The function \( \sin^{-1} y \), also known as \( \arcsin(y) \), is an example of an inverse trigonometric function. Inverse trigonometric functions are used to find the angles when the value of the trigonometric ratio is known.
It's important to understand that for any function \( \sin(x) \), its inverse \( \sin^{-1}(y) \) will take the output of \( \sin \), which is \( y \), and return the corresponding angle \( x \) in specified ranges.
For the sine function:

• Its range is between \(-1\) and \(1\).
• The inverse function is defined within \(-\frac{\pi}{2}\) to \(\frac{\pi}{2}\) radians.

These features make inverse trigonometric functions essential in various mathematical applications, including calculus and geometry, especially when dealing with angles and periodic phenomena.

In calculus, integrals are fundamental concepts. They represent accumulations of quantities, such as areas under curves, collectively termed as definite and indefinite integrals.
An indefinite integral, such as \( \int \sin^{-1} y \, dy \), involves finding an antiderivative.
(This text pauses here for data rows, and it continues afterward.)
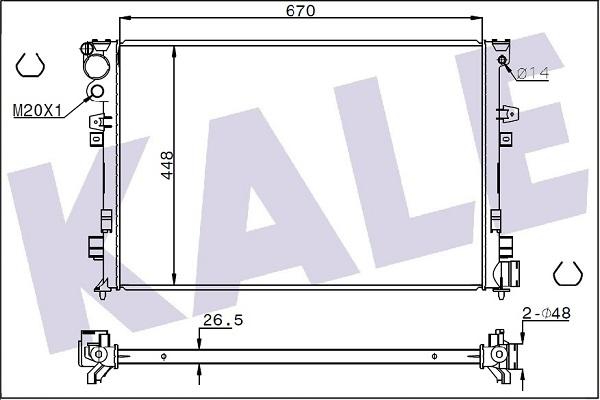 KALE OTO RADYATÖR 347225 - Радиатор, охлаждение двигателя autospares.lv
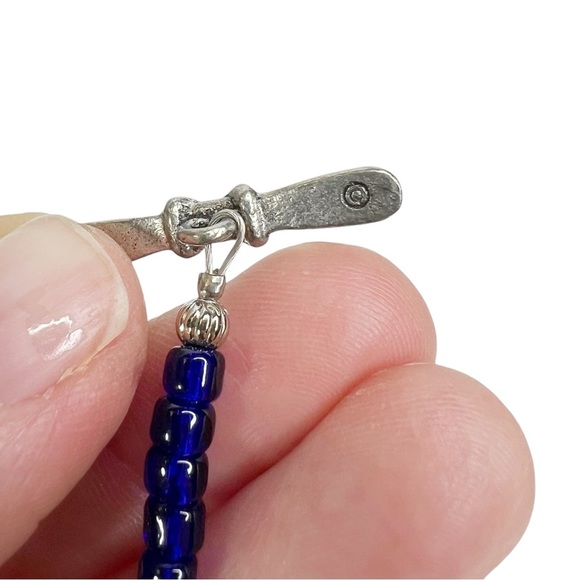 Cobalt Blue & Yellow Lampwork Seed Beaded Necklace - Picture 7 of 10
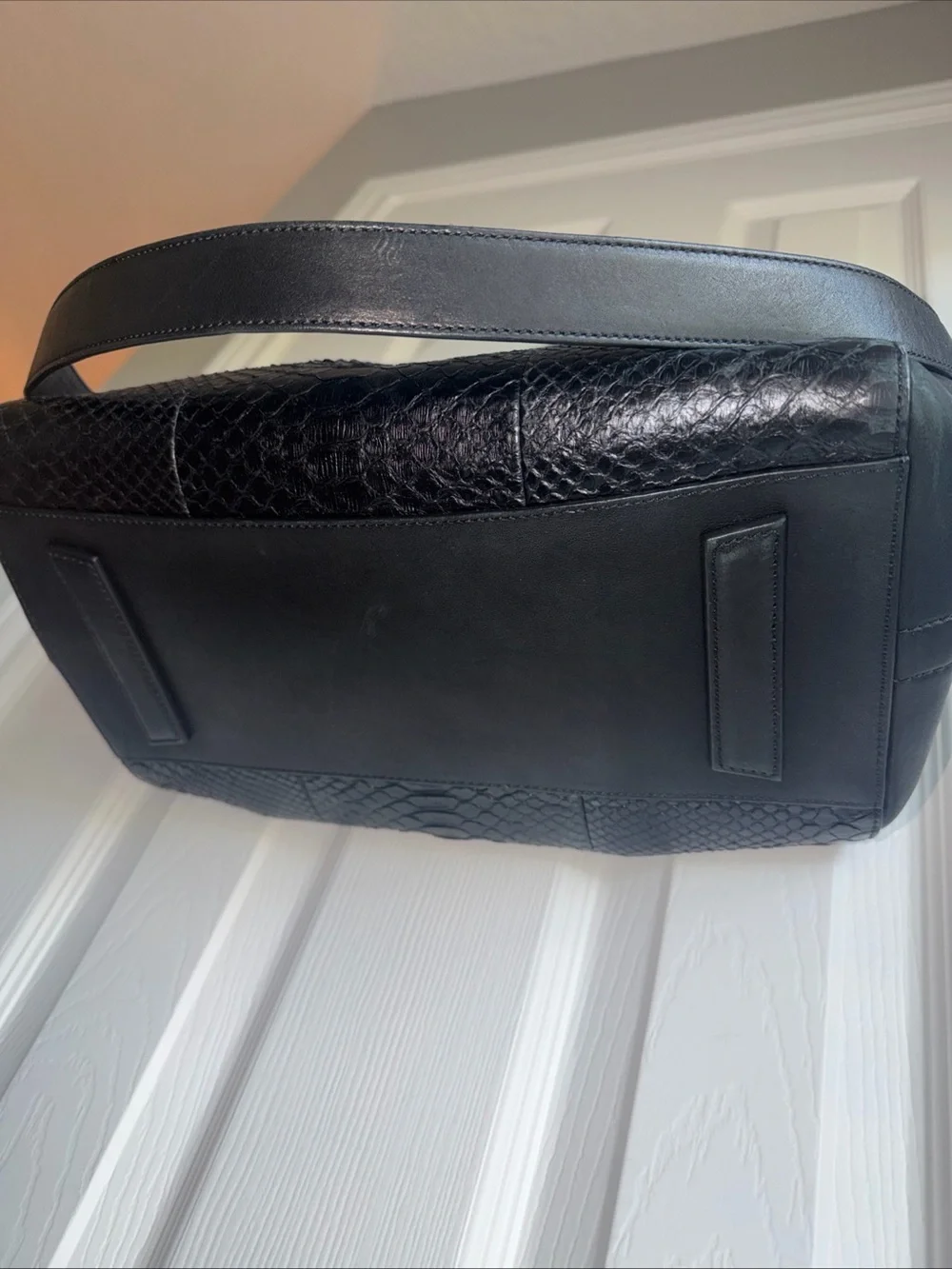 Givenchy Black Textured Leather Satchel with Gold Hardware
This essentially means reversing differentiation to discover the function that was differentiated.
Definite integrals, on the other hand, compute numerical values over a defined interval. They evaluate the total accumulation, area, or net change over a specific domain.
Key differences include:

• Indefinite integrals include a constant \( C \), representing any possible vertical shift since constants vanish upon differentiation.
• Definite integrals don't include \( C \) since they result in specific values dependent on the bounds provided.

Both concepts are crucial in solving practical problems involving continuous change and are extensively supported by a rich set of rules in calculus.

The substitution method is a technique used in integration to simplify complex integrals. It involves substituting part of the integral expression with a new variable, making the expression easier to integrate.
In the solution of \( \int \sin^{-1} y \, dy \), after applying integration by parts, the remaining integral \( \int \frac{y}{\sqrt{1-y^2}} \, dy \) can be approached using substitution.

• We set \( t = 1 - y^2 \), which transforms our integral to a simpler form.
• This change allows us to use a practical formula \( \int \frac{1}{\sqrt{t}} \, dt \), easier to solve analytically.

Substitution is effective, especially when faced with integrands containing composite functions, allowing integration to continue seamlessly, eventually transforming back to the original variable. This method is similar, in essence, to the chain rule used in differentiation, enabling a reverse approach to surface what was obscured in the original integrand.